# [Information]
++++++++++

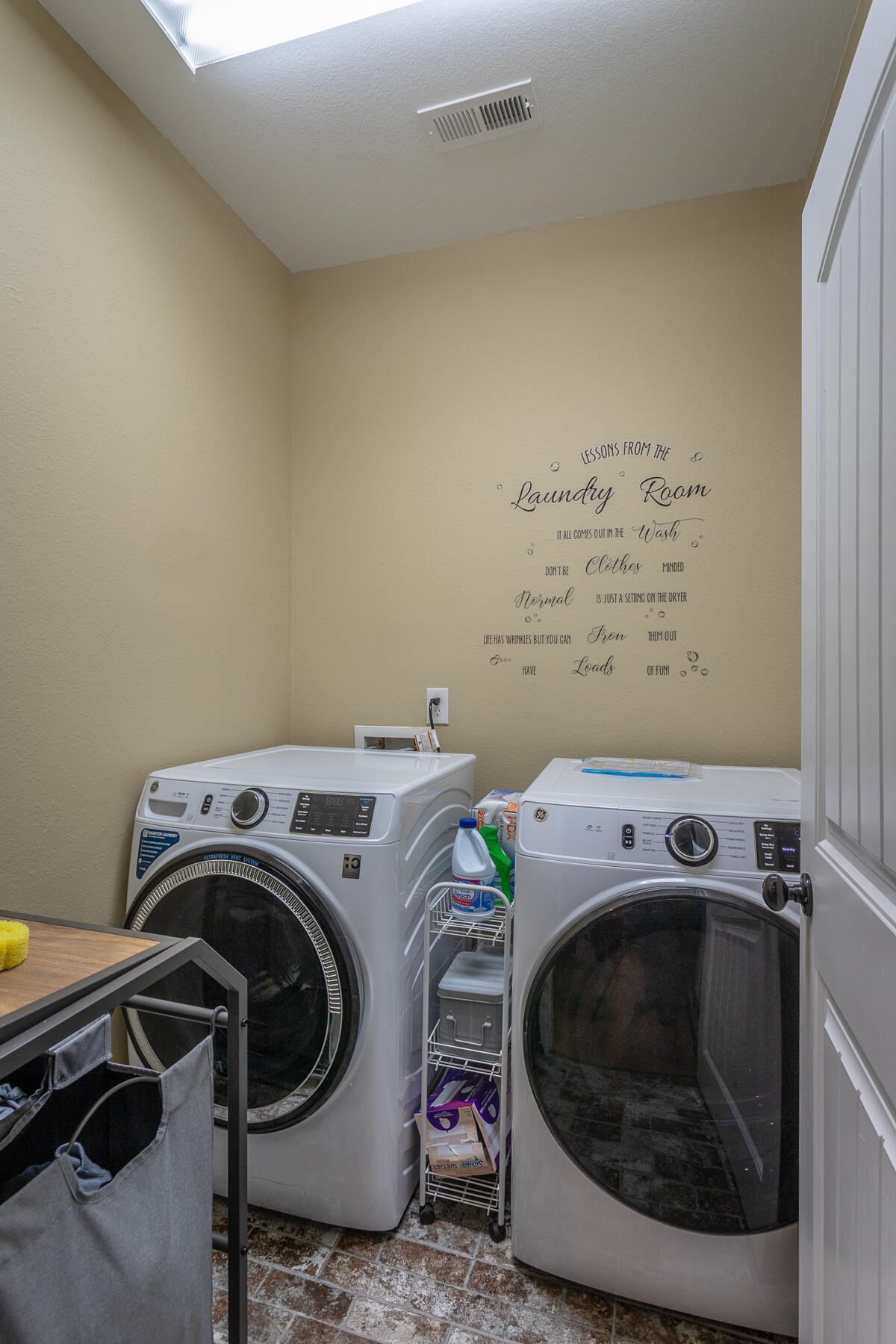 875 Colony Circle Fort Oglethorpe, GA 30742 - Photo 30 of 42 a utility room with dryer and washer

++++++++++

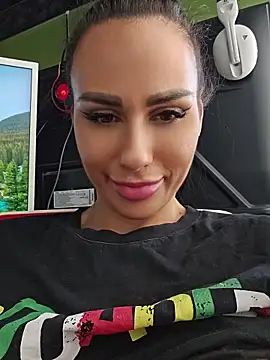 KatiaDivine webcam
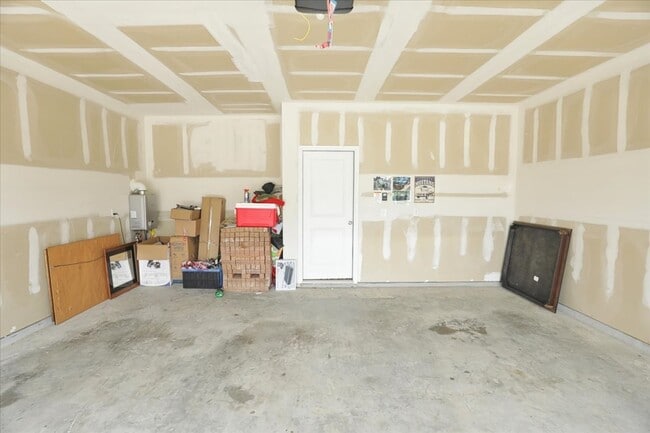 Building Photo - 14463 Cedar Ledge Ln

++++++++++

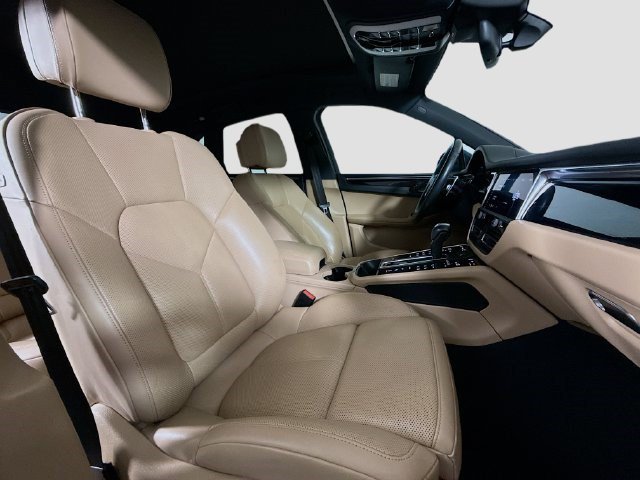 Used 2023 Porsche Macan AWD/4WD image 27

++++++++++

# [Exercise]
The data above holds the lines to copy: start at the one with "KatiaDivine webcam", stop at the one with "Building Photo - 14463 Cedar Ledge Ln", include both, copy them exactly without pictures, and copy nothing else.

# [Answer for this exercise]
 KatiaDivine webcam
 Building Photo - 14463 Cedar Ledge Ln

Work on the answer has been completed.